Opera House, hotel on the left

Lesson learned: Take some money along, like a few “grivnas” in  Ukraine, when running on uncertain streets the first time. In the Ukrainian case, the 20 grivna bill also happens to feature that Opera House on the back, which could be useful if you’re staying in the  hotel across the street.

Park City, UT: We stayed in Park City for a couple days to visit our son. While there I got to quickly understand why a number of real runners come here to train: because you can’t breathe while running. At least that’s the way it felt. After a few days I managed to stagger out 2.5 miles while desperately seeking oxygen most of the way. Recommendation: just enjoy taking the lifts up into the mountains. There’s a near endless supply of ski slopes up there.

Lesson learned: Don’t be fooled by the fact that you can walk around with relative ease in places like this. It’s a trap, which you discover when you start the run.

Jekyll Island State Park, Georgia: This was a surprisingly nice park with lots of Atlantic beach for running. I took the opportunity to run barefoot for the only time in these runs, wandering in and out of the water

Inviting Georgia Park, worth a visit.

Lesson learned: barefoot running leads to sore calf muscles the next couple days.

I-90 Floating Bridge: It took me a while to work up my courage for a there-and-back again run across the I-90 Floating Bridge. As part of my half-marathon training I went out for this 10-ish mile run, and part of it was at almost-lake-level. The floating bridge and the East Channel bridge both have a pedestrian / bike lane on the north side. Lesson learned: This was the best route I found to be out in nature and still an arm’s reach from high speed traffic and its associated exhaust.

I-90 Floating Bridge and Mercer Island

Race results: As high as the top 20 (out of 20), and as low as 1888th (though that was out of 14240 in the half marathon).

Times: My pace usually falls in the 8:30 – 8:50 minutes/mile range. My half-marathon pace was 8:46 officially, 8:40 on my watch due to my slightly extra distance covered. My fastest mile in that race was the 13th mile, at 8:01. If the course had been just a bit longer, I might have broken the 8 minute barrier.

Injury issues: I had some muscle issues with the upper part of my right leg, starting around run #70. I saw a physical therapist for a while, and dropped down to running just over 1 mile for about 30 days after run #100. I went from having to hobble along at the beginning of the jog, to a full recovery.

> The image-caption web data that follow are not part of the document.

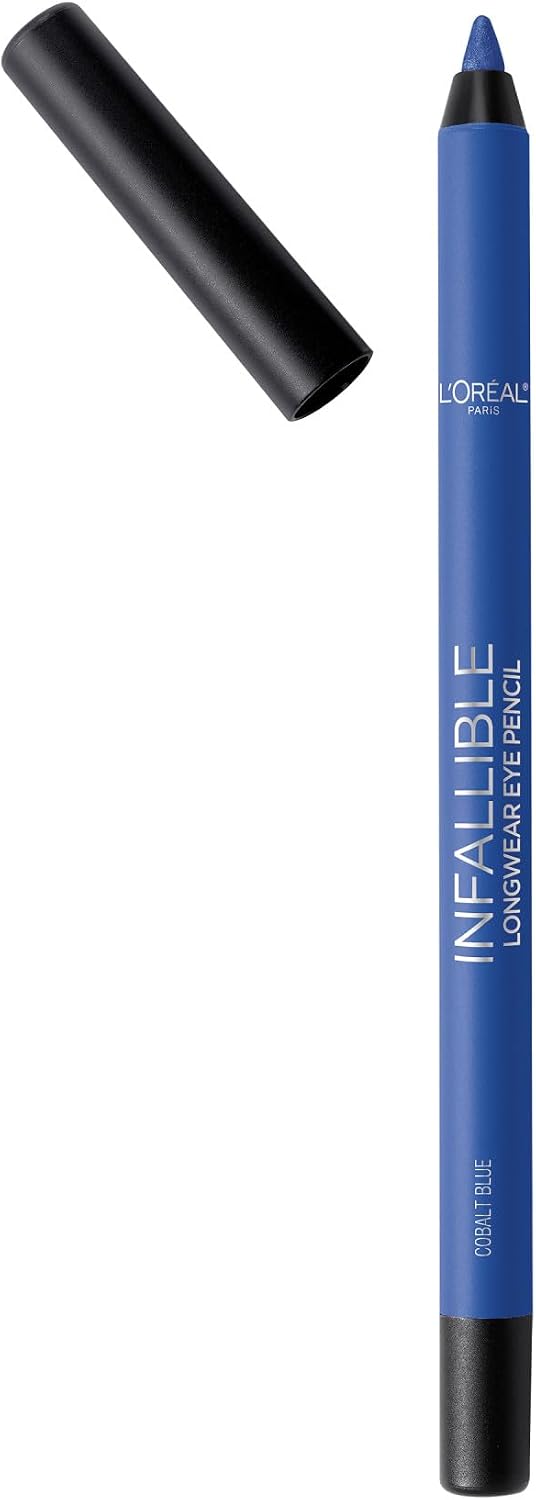 LOREAL INFALLIBLE PRO-LINER COBALT BLUE pack of 2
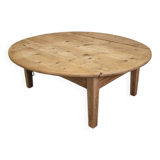 Table basse de ferme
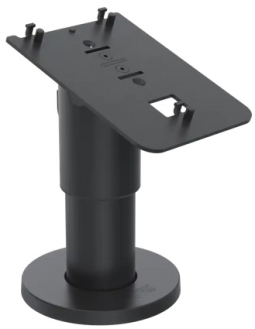 SpacePole VERM400-D-MN-02 Verifone M400 M424 M440 DuraTilt SP2, 100MM (No Handle), Black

For the last few months I’ve had a pain at the ball of my left foot which can be bothersome if I go for long runs (checked for stress fracture – negative). Lesson learned: Just keep going. What could possibly go wrong?

I was never sick during this year. But I had a plan: if  I wasn’t in a coma or otherwise confined in a hospital, I would get a ride to the top of a long hill and then run / stagger down it for a mile. Rules are rules, and crazy people make crazy plans.

Run #366

Final run: On that 366th run, I managed to coax my favorite running partner out for a mile. She ran with me for a grand total of 1.5 miles during the leap year of running. After the mile mark, she headed back (and met me with a sign at the end). Meanwhile I continued on and ran up my favorite hill, Bellevue’s Lake Hills Connector with a stretch featuring a 300 feet uphill climb, followed by another 100 or so feet of more gradual uphill. It was a quiet warm summer evening around sunset, with blue skies, the sounds of the occasional car going by, a random other jogger or two, and as I coasted along the downhill side of the run, I enjoyed the comforting thought that I didn’t need to do this anymore.

Elevation (feet) along the 5+ miles of the leap run

Which is why I got up and ran the next day, too. And the next day …

If you have meaningless accomplishments to rival this, let me know.